23. Wait for debugger
You can choose whether to wait for the debugger before the app (to be debugged) executes.
24. Verify apps over USB
All apps installed through the Play Store, Galaxy Store, or any apps (e.g., sideload an APK through Chrome) are scanned by Google to detect possible harmful behavior. This process is called “verify”.
Verify apps over USB option, if enabled (the default), will extend the scan to all apps installed through ADB or ADT (Android Development Tools).
25. Verify bytecode of debuggable apps
Bytecode is “compiled” from the source code (e.g., Java) so that Android devices can execute the code more efficiently.
This option lets Android Runtime verify bytecode for apps that can be debugged.
26. Logger buffer sizes
Android logging relies on buffers. Processes and apps write various logs to different buffers. New entries will overwrite old entries. Logcat reads these entries.
So, if there are too many logs and the buffer size is too small, then some buffers may be overwritten before being read. In other words, you lose some logs.
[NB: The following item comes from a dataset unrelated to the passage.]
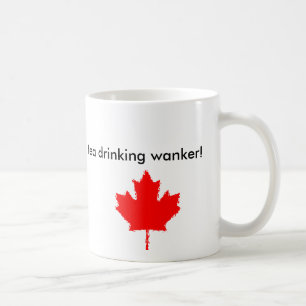 koffie-logo, MapleLeaf geschilderd, ik drink co.. Koffiemok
Larger logger buffer sizes may degrade the system performance if you use the phone heavily.
The default 4M is sufficient for most users.
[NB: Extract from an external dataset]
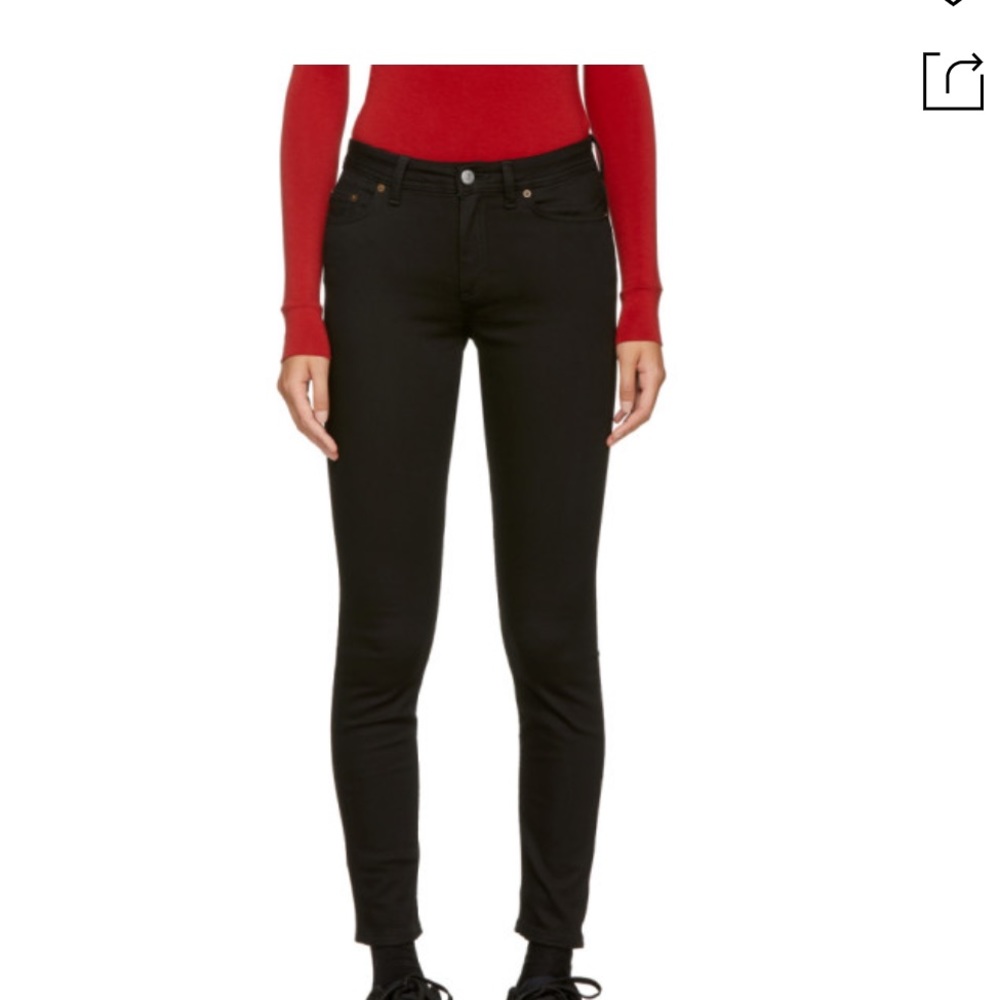 ACNE STUDIOS Skin5 black jeans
27. Samsung verbose debug logging
This option creates verbose debug logs for system processes coded by Samsung.
28. Feature flags
Feature flags are mainly for beta or experimental features offered in the specific build.
29. Enable GPU debug layers
Enable GPU debug layers will load Vulkan validation layers from local device storage.
30. Graphics driver
You can specify different graphics drivers (if installed) for individual apps.
31. App compatibility change
This option is for app developers to debug their apps.
32. Show refresh rate
If enabled, the current refresh rate will be shown near the top left region.
For example, as shown in the screenshot below, the current refresh rate is 24Hz because the motion smoothness was set to adaptive (Settings —Display — Motion smoothness).
33. Allow screen overlays on Settings
By default, no apps are allowed to overlay on the Galaxy S22 Settings app.
This option allows you to turn off this restriction.
34. Allow Mock Modem (new in Android 13)
This option was introduced in Android 13 Beta 2.
Once enabled, you can run mock modem services for instrumentation testing. It is NOT for mock locations.
35. System Tracing
You can use this option to record system activities (trace) so that you can trace back any performance issues. You can see some options after tapping this entry.
A few experienced developers may use system tracing to debug some issues for their apps.
Now, let’s check the networking section of the Galaxy S23 developer options.
The following 23 entries (#36-58), as shown in the following 4 screenshots, are networking-related Galaxy S23 developer options. WiFi, mobile data, Bluetooth, and USB connections are all covered in this group. Sometimes, you may notice some status icons on the status bar related to these settings.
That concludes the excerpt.